Se sabe que el presidente Donald Trump guarda rencor, pero su deseo de tomar el control de Groenlandia es sorprendente. El martes, el presidente reavivó su abierto deseo de apoderarse del territorio semiautónomo de Dinamarca.
Groenlandia “debería estar controlada por Estados Unidos, no por Dinamarca”, dijo Trump a los periodistas durante la cumbre de la OTAN en Ankara, Turquía.
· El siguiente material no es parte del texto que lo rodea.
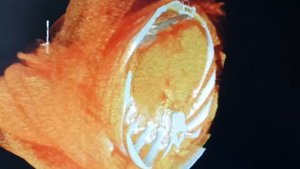 Биопсия подмышечного лимфатического узла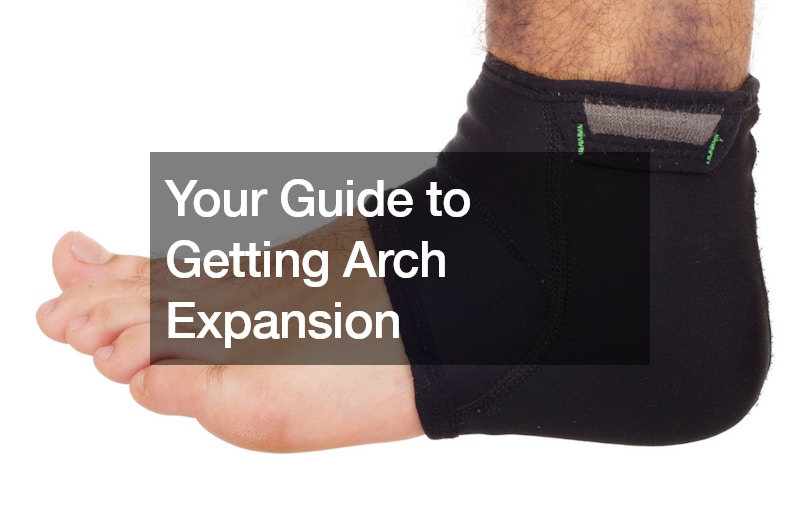 Your Guide to Getting Arch Expansion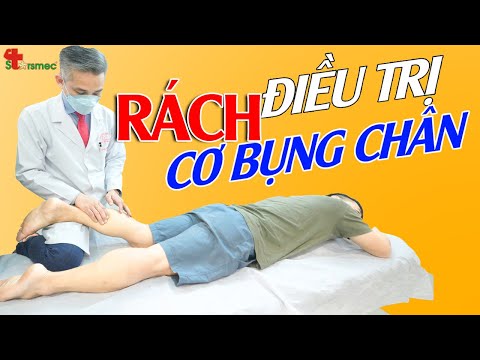 Rách cơ bụng chân - Điều trị thế nào?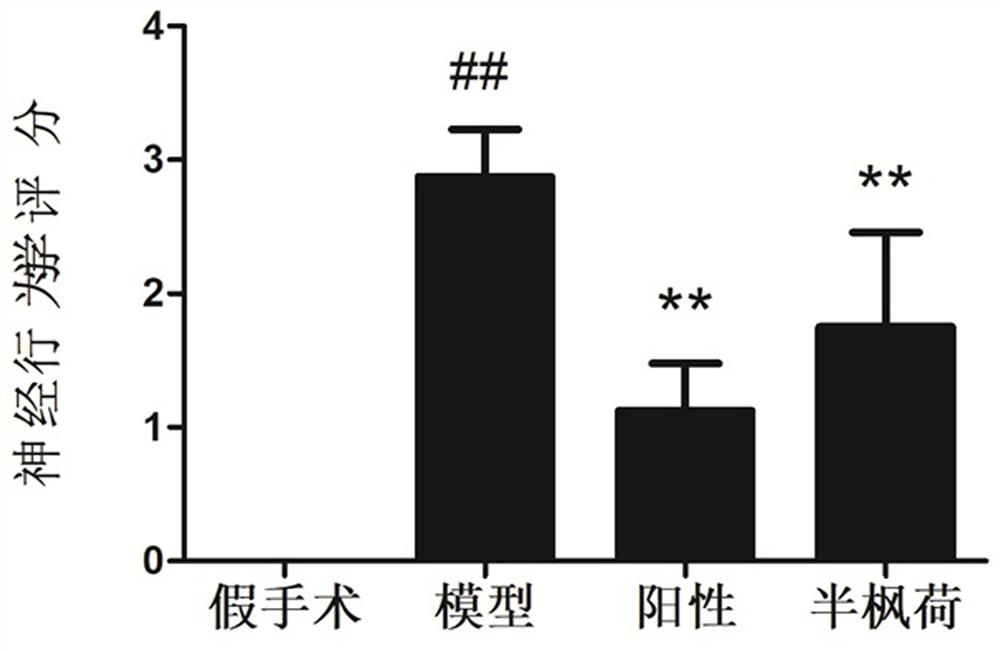 Application of semiliquidambar cathayensis or semiliquidambar cathayensis extract in preparation of anti-cerebral ischemia drugs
Trump comenzó a presentar esta idea (nuevamente) al público en enero de 2025 y los miembros de su administración comenzaron a hacer cabriolas por el territorio helado poco después. Y aunque el presidente señala preocupaciones de seguridad nacional como la razón por la que quiere reclamar Groenlandia, también han surgido otras teorías. Por un lado, el territorio tiene una buena oferta de recursos naturales que serían valiosos para los esfuerzos de Estados Unidos por convertirse en la “capital mundial de la IA”.
Por otro lado, algunos han especulado que Trump sólo quiere apoderarse de la isla porque… bueno, parecía un buen negocio.
Como mínimo, Trump reconoció que su esperanza de arrebatarle el territorio a Dinamarca pondría tensión en su ya deteriorada relación con los socios de la OTAN.
“Eso es lo que dañó mi relación con la OTAN, porque Groenlandia no ayuda a Dinamarca. Dinamarca no gasta dinero para ayudar realmente a Groenlandia, pero es una parte importante para Estados Unidos, y está rodeada de barcos chinos y rusos, y eso no va a suceder”, dijo Trump el martes.
La primera ministra danesa, Mette Frederiksen, también rechazó esta nueva propuesta.
“Es una posición bien conocida de Estados Unidos que quiere poseer y apoderarse de Groenlandia. Espero que sea igualmente bien conocido en todas partes que esto no va a suceder”, dijo Frederiksen.
Pero la iniciativa no ha terminado solo porque Trump no la haya abordado en los grupos de prensa. El secretario de Estado, Marco Rubio, dijo en junio que todavía se estaban llevando a cabo conversaciones para utilizar la isla para una defensa colectiva. Y cuando durante la audiencia le preguntaron si sabía que Groenlandia era parte de Dinamarca, respondió: “Por ahora”.
Este deseo por Groenlandia no es más que una parte de un plan más amplio de expansión en el hemisferio occidental. Lo que se puede describir como la “Doctrina Donroe” de Trump, el presidente también ha hecho intentos verbales de convertir a Canadá en el “estado 51”.

Y si miramos hacia el sur, Cuba (que actualmente sigue siendo presionada por Estados Unidos con sanciones y bloqueos petroleros) también ha estado en la lista de países deseables del presidente.
“Creo que tendré… el honor de tomar Cuba”, dijo Trump a los periodistas en marzo. “Ya sea que lo libere o lo tome, creo que podría hacer lo que quiera con él. Si quiere saber la verdad, es una nación muy debilitada en este momento”.
Venezuela, que fue golpeada por dos terremotos mortales que mataron a casi 3.000 personas a finales del mes pasado, también está bajo el control del presidente. Después de llevar a cabo una operación militar en el país sudamericano en enero para capturar al entonces presidente Nicolás Maduro, Estados Unidos, a instancias de Trump, se ha involucrado en los asuntos petroleros del país y en las supuestas elecciones.
“Miren a Venezuela, esa fue una guerra de un día”, dijo Trump en una conversación del 2 de julio con CNBC. “Y hemos recuperado nuestro dinero muchas, muchas veces por el costo de la guerra”.
Entonces, ya sea que mires hacia el norte, el sur o cualquier lugar dentro o alrededor de las Américas, Trump ha hecho un reclamo verbal sobre al menos un territorio. Queda por ver si esto será un buen augurio para el futuro de la OTAN.